- **RECORDS FOR THE EXERCISE**:

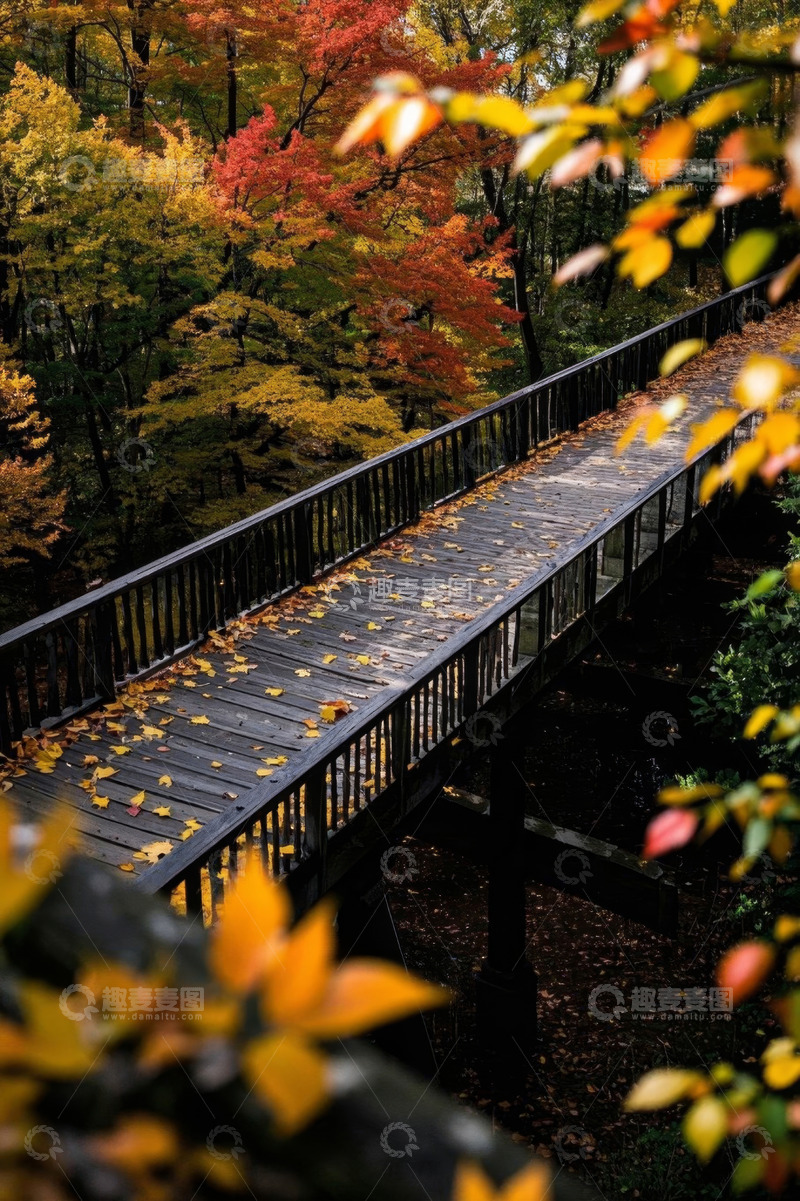 高清大图下载【趣麦麦图】秋日森林中的木质栈道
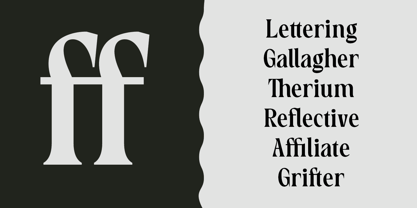 HS Callgrim Serif Display Font Poster 3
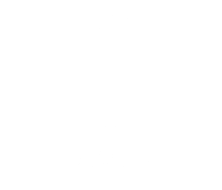 乳製品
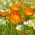 Izlandi mák - 3750 magok - Papaver nudicaule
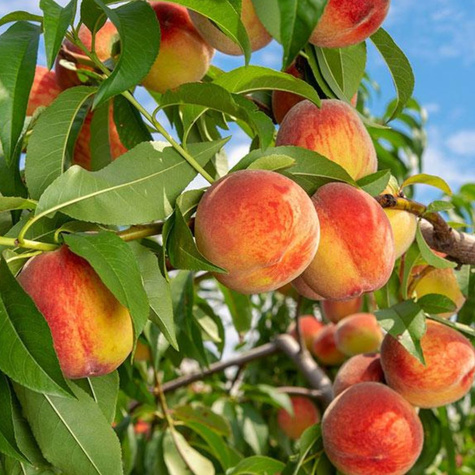 Pfirsichbaum Reliance - Wurzelnackte Pflanze 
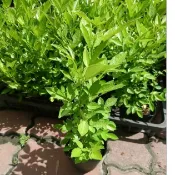 東大興農場 抹草 3寸盆 觀賞盆栽 觀葉植物 吉祥植物 驅邪植物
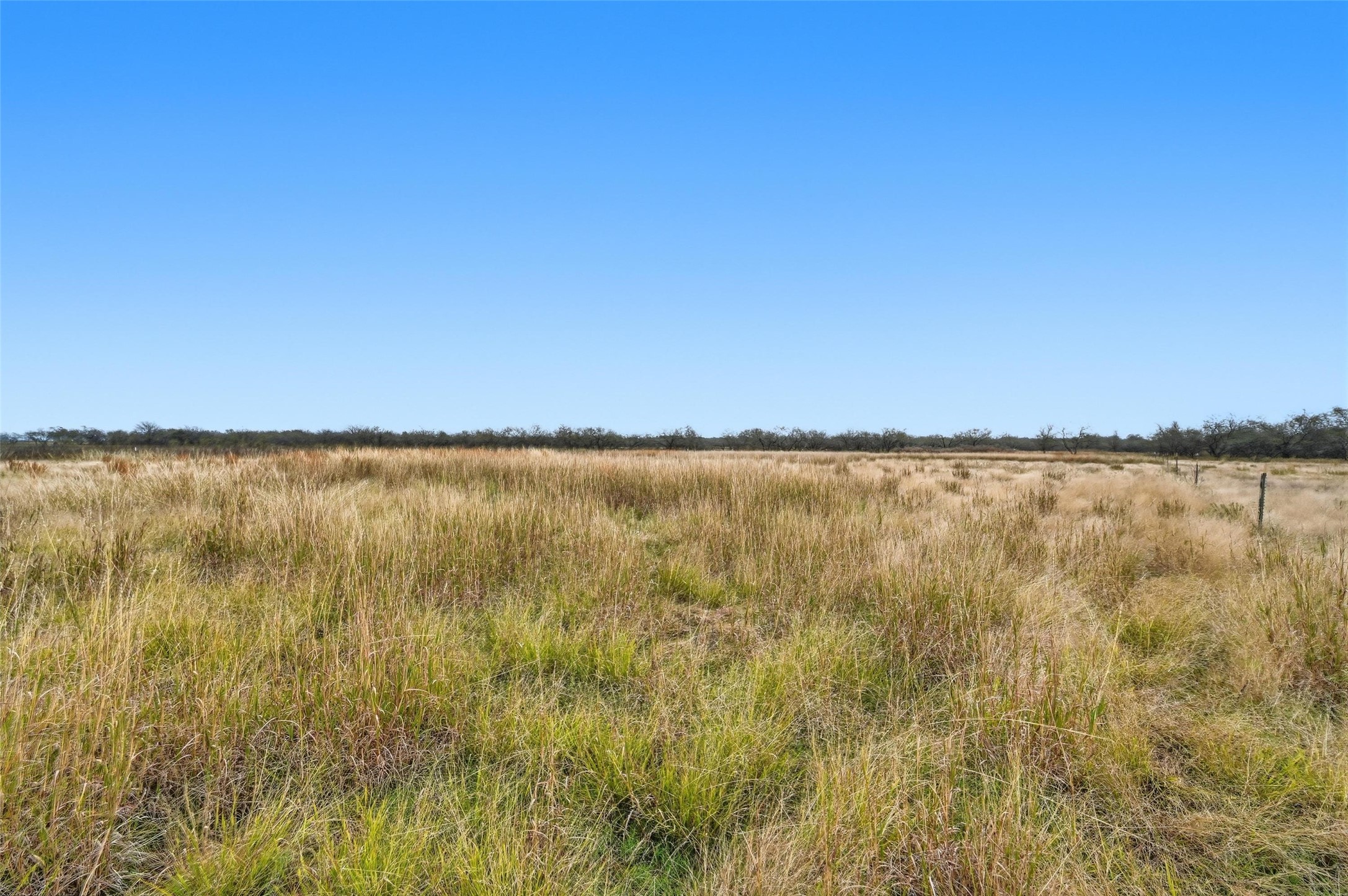 99 Pisgah Crossing Corsicana TX 75109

- **EXERCISE REQUIREMENTS**: Omit the pictures and retype exactly the lines from the one containing "HS Callgrim Serif Display Font Poster 3" through the end of the entries above.

- **SOLVED EXERCISE**:
 HS Callgrim Serif Display Font Poster 3
 乳製品
 Izlandi mák - 3750 magok - Papaver nudicaule
 Pfirsichbaum Reliance - Wurzelnackte Pflanze 
 東大興農場 抹草 3寸盆 觀賞盆栽 觀葉植物 吉祥植物 驅邪植物
 99 Pisgah Crossing Corsicana TX 75109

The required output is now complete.